Conclusão: estava com uma infecção e precisava de um antibiótico. 

Esse é um exemplo de que eu, como “cliente/paciente”, assumi que o que eu quero é o que eu preciso. Comprei um remédio que eu achava que resolveria o meu problema (suposição implícita), ao invés de explorar o problema e ter o tratamento adequado a doença.

No nosso dia a dia fazemos suposições implícitas a todo momento e não nos damos conta disso. Olhem este outro exemplo de um programador:

“Terminei a funcionalidade de pagamento e agora só falta testar.”

- diz o programador.

Reparem que “terminei” e “só falta testar” não são fatos, mas suposições. Mas o programador, a sua equipa e os gestores comunicam e tomam decisões assumindo que estes são fatos. Quando estamos no cenário de uma empresa, podemos encontrar estas suposições implícitas em todas as tarefas, reuniões, conversas e decisões. Torná-las conscientes pode mudar o rumo de uma importante decisão e influenciar um sistema de trabalho.

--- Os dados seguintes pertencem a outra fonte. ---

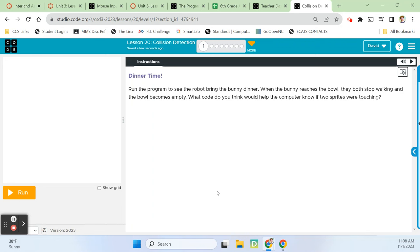Hey guys, it's Mr. Decker, we're back and we're in the Computer Science Discoveries curriculum from Code.org. We're looking at Lesson 20 Collision Detection. We're on Bubble 1.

Outro importante fator que contribui para desenharmos sistemas de trabalho mais ágeis é a velocidade em que validamos as suposições inerentes ao nosso trabalho. Atualmente tudo muda muito rápido: tecnologia, mercado, necessidade das pessoas. Fazemos sistemas cada vez mais complexos e para clientes cada vez mais exigentes, o que gera uma pressão maior na velocidade do ciclo “fazer, validar e entregar”.

Por exemplo, você desenvolve uma nova funcionalidade, o cliente valida e aprova. Antes de mostrar esta funcionalidade a ele, a aprovação era uma hipótese. Depois que ele aprovou, isto se tornou um fato. Semanas depois, as incertezas aumentaram pois o cliente não havia utilizado na prática para ver se aquilo resolve de fato o seu problema. Ou seja, você acha que vai resolver o problema pois ele aprovou, mas isto é uma suposição. Após o cliente usar na prática ele liga a dizer que resolveu o problema dele, está tudo certo. Então agora você tem um fato novamente.

"Fatos e suposições formam uma dualidade, como o dia e a noite, anulando-se um ao outro indefinidamente."

Vale, Alisson. A Fórmula da Eficácia (p. 74). Software Zen. Kindle Edition.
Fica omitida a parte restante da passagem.